Sunday, December 10, 2006

El está muerto pero tan es la justicia

I wish that I felt happy enough about Augusto Pinochet's death to go into the street and bang pots and pans and throw confetti, like some Chileans did today. But part of the premise of being concerned with human rights and social justice is that justice will ultimately occur. The effort to make Pinochet accountable for his crimes was admirable and unceasing. Yet it was thwarted at almost every turn. So I don't feel happy. I feel sad for the victims and their families for what I see as their double loss.

I have heard some of Pinochet's victims discuss their horrific torture, some of which went on for years. I have heard the anguished voices of the families of people who were disappeared. I have seen Margaret Thatcher greet Pinochet with immense gratitude while he was under house arrest. The blood of thousands of people was spilled at his hands, but the hands of neocons who supported his torturous reign to prevent the spread of communism aren't clean, either. What a neoconservative coincidence that Jeane Kirkpatrick died this week, too.

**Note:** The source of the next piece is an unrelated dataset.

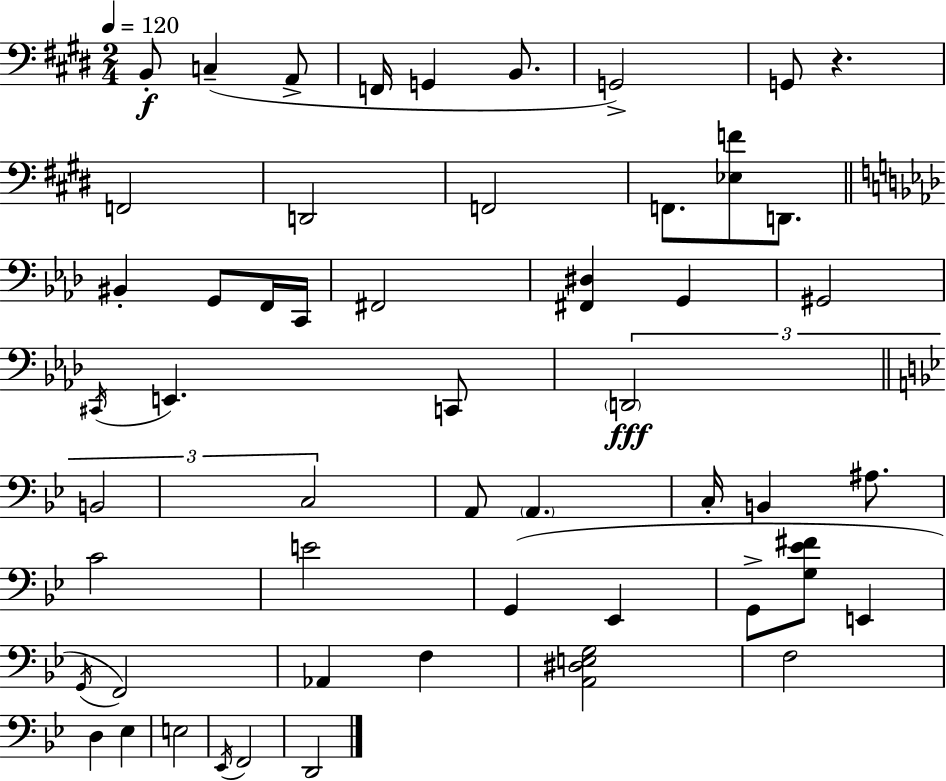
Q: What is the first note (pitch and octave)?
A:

When it's decided that communism is too terrible to bear but we'll allow lawless killing of people to ensure it doesn't happen, a thinking person is bound to wonder how much worse communism could be. When a country like Great Britain sends people to war to fight Saddam Hussein in violation of international law, but won't extradite a criminal to Spain in compliance with international law, I don't know where we go from there.

I'm not sure why we keep reliving this lesson: When law becomes optional, no one is very safe.